Those are the peak capabilities of each of these cards, in theory. Our shiny new Beyond3D GPU architecture suite measures true delivered performance using a series of directed tests.

The GTX 980 Ti lands squarely in the middle between the GTX 980 and the Titan X in terms of pixel fill rate, which is what we'd expect given the theoretical rates in the table above. Notice that the 980 Ti's peak rate is lower than the Titan X's even though it has the same ROP count (96 pixels per clock) and clock speed. That's because, on recent Nvidia GPUs, fill rate can be limited by the number of shader multiprocessors and rasterizers. The GTX 980 Ti's 22 SMs can only transfer 88 pixels per clock to the ROPs, so its peak throughput is a bit lower than the Titan X's.

This test nicely illustrates the impact of color compression on memory bandwidth. Newer GeForces based on the Maxwell architecture are able to extract substantially more throughput from the easily compressible black texture than the Kepler-based GTX 780 Ti does.

Meanwhile, as Andrew Lauritzen pointed out to us, the Radeon R9 290X doesn't show any compression benefits in this test because it's primarily limited by its ROP throughput. We may have to rejigger this test to sidestep that ROP limitation. I suspect, if we did so, we'd see some benefits from color compression on the Radeon, as well.

Most of these GPUs come incredibly close to matching their peak theoretical filtering rates in this test, the GTX 980 Ti included.

The GeForce cards all somewhat exceed their theoretical peaks in the polygon throughput test. My best guess is that they're able to operate at higher-than-usual clock speeds during this directed test—either that or they're warping the fabric of space and time, but I don't think that feature has been implemented yet.

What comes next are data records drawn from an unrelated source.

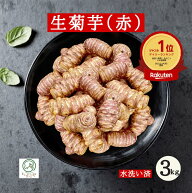 【レビュー星5 楽天1位】新鮮 おいしい 生菊芋  国産 赤菊芋 3kg...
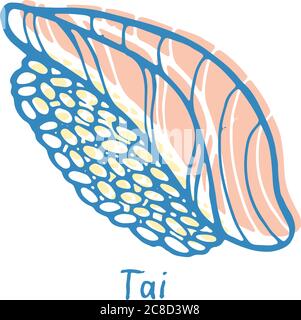 Sushi Tai - sketch color illustration. Nigiri with the bream fish and rice. Japanese seafood. Vector illustration Stock Vector
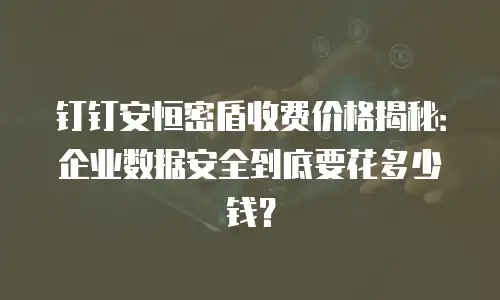 钉钉安恒密盾收费价格揭秘：企业数据安全到底要花多少钱？
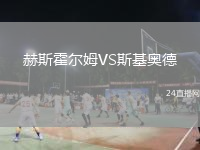 赫斯霍尔姆VS斯基奥德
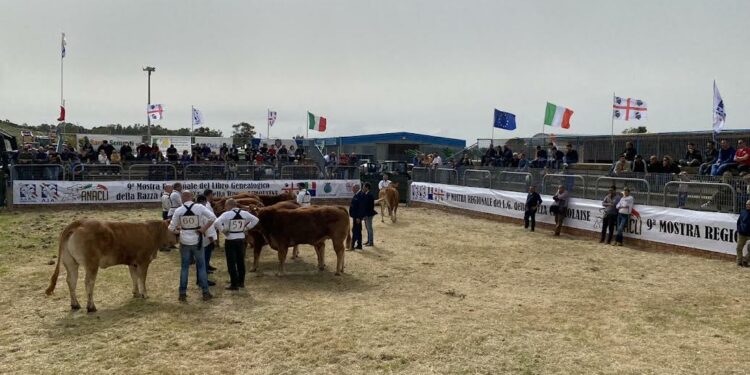 Ozieri: è tutto pronto per la decima mostra del bovino da carne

Looks to me like the GTX 980 Ti is also exceeding its "GPU Boost" clock in our ALU math test, where it scores slightly higher than its 6.1 teraflops theoretical max. Nvidia's Boost clock is just a typical operating speed, not a maximum frequency, so this isn't a huge surprise. Notice, though, that the Titan X tops out at exactly 6.7 teraflops, no higher than expected. The 980 Ti's lower GPU voltage probably gives it an edge over our early-model Titan X.